# Current situation in Costa Rica



## AutumnWolf (Sep 13, 2018)

Since Monday syndicates and public workers have been involved in a week long strike against the 1.'combo fiscal'

1. A set of new taxes/changes to current taxes and the removal of certain benefits to public workers

Since tuesday, a few individuals not related to the on-going strike have been taking advantage of the situation to cause chaos by comitting violent acts, specially in the province of Limón where some have even set things on fire (like trucks), stolen items such as TVs from stores, set blockades (such as burning burning tires in the road to prevent people from passing/arriving to their destinations) and other things

Authorities are working to maintain public order

This events usually take place at night and the strike _may_ continue next week










If you want to know what the "combo fiscal" is in more detail check this out:

https://apse.cr/2018/04/no-al-combo-fiscal/

And thanks to @Chary for helping me write this down​


----------



## sarkwalvein (Sep 13, 2018)

Be safe!


----------



## KingVamp (Sep 13, 2018)

Didn't know this was happening.


----------



## AmandaRose (Sep 13, 2018)

Been absolutely nothing on the news here about this.
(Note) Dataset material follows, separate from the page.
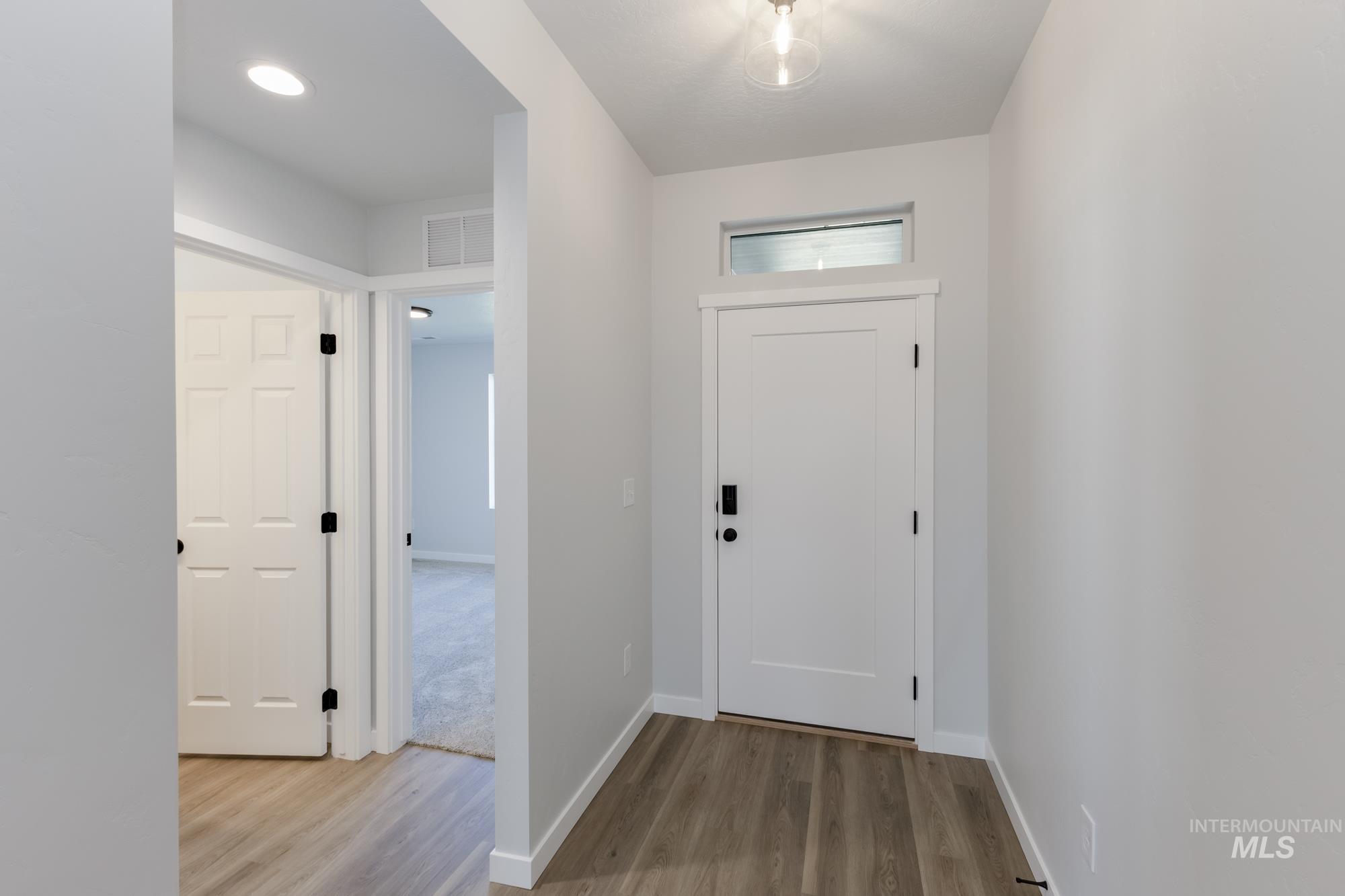 3768 E Jamestown Dr, Nampa, Idaho 83686, 4 Bedrooms, 2 Bathrooms, Residential For Sale, Price $420,990,MLS 98968163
Hope you remain safe @Sinon


----------



## andyhappypants (Sep 13, 2018)

This doesn’t seem to be getting any media coverage  As the others have said keep safe


----------



## Chelsea_Fantasy (Sep 13, 2018)

Do not get out from home!


----------



## AutumnWolf (Sep 13, 2018)

Update: independance day (September 15th in Costa Rica) activities have been cancelled in the province of Limón due to the insecurity in the area/zone


----------